[Scraped caption text data]
----------------------------------------
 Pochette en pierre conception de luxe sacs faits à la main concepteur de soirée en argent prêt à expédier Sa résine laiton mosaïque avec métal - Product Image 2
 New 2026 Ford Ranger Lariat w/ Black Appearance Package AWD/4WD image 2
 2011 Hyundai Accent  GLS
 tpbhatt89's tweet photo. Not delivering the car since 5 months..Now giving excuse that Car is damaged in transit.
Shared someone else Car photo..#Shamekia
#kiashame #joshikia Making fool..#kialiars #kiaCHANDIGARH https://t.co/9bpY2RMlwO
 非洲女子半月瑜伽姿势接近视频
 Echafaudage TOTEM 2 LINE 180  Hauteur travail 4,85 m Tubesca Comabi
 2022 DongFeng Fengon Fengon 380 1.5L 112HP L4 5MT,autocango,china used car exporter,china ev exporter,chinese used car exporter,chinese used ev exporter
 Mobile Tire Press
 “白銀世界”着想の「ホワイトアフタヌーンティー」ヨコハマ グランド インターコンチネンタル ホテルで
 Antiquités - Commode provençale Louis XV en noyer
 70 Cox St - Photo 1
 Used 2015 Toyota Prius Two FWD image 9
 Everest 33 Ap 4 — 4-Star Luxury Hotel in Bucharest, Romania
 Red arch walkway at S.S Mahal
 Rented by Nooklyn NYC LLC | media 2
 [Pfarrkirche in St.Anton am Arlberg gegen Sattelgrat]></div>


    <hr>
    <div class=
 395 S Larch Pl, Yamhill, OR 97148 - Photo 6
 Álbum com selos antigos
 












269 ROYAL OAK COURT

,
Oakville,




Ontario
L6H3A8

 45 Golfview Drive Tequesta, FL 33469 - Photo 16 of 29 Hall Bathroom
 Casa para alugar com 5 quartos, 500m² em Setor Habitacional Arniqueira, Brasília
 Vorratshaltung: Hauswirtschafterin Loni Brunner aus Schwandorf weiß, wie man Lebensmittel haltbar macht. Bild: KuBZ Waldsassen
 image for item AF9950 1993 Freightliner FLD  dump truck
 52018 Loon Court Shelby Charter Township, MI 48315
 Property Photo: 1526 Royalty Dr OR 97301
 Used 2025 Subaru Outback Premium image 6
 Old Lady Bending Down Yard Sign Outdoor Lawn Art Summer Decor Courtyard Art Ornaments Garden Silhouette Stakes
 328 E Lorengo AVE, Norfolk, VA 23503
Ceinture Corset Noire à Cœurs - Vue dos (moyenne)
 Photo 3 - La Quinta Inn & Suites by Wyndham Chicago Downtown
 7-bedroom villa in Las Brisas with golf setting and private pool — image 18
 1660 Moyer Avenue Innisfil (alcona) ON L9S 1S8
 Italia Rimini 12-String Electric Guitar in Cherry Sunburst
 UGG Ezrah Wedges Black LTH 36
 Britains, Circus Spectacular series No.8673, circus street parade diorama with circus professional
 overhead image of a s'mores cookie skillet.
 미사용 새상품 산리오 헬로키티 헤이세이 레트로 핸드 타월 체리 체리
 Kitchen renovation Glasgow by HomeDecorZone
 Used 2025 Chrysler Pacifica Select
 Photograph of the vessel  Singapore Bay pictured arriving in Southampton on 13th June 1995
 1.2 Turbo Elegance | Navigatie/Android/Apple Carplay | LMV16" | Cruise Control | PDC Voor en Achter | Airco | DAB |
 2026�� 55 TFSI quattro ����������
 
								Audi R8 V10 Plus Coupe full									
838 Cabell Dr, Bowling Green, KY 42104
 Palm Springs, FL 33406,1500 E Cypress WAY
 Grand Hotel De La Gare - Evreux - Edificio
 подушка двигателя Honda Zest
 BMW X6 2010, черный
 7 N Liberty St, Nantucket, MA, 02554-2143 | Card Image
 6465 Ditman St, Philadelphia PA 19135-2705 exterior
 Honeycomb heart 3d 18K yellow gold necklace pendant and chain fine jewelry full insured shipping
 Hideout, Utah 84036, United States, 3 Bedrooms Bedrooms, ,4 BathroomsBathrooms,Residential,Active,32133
----------------------------------------
▶ [Task instructions]: Starting at the line that contains "UGG Ezrah Wedges Black LTH 36", retype every line through the end of the records exactly, and nothing else.

▶ [Answer to the problem]:
 UGG Ezrah Wedges Black LTH 36
 Britains, Circus Spectacular series No.8673, circus street parade diorama with circus professional
 overhead image of a s'mores cookie skillet.
 미사용 새상품 산리오 헬로키티 헤이세이 레트로 핸드 타월 체리 체리
 Kitchen renovation Glasgow by HomeDecorZone
 Used 2025 Chrysler Pacifica Select
 Photograph of the vessel  Singapore Bay pictured arriving in Southampton on 13th June 1995
 1.2 Turbo Elegance | Navigatie/Android/Apple Carplay | LMV16" | Cruise Control | PDC Voor en Achter | Airco | DAB |
 2026�� 55 TFSI quattro ����������
 
								Audi R8 V10 Plus Coupe full									
838 Cabell Dr, Bowling Green, KY 42104
 Palm Springs, FL 33406,1500 E Cypress WAY
 Grand Hotel De La Gare - Evreux - Edificio
 подушка двигателя Honda Zest
 BMW X6 2010, черный
 7 N Liberty St, Nantucket, MA, 02554-2143 | Card Image
 6465 Ditman St, Philadelphia PA 19135-2705 exterior
 Honeycomb heart 3d 18K yellow gold necklace pendant and chain fine jewelry full insured shipping
 Hideout, Utah 84036, United States, 3 Bedrooms Bedrooms, ,4 BathroomsBathrooms,Residential,Active,32133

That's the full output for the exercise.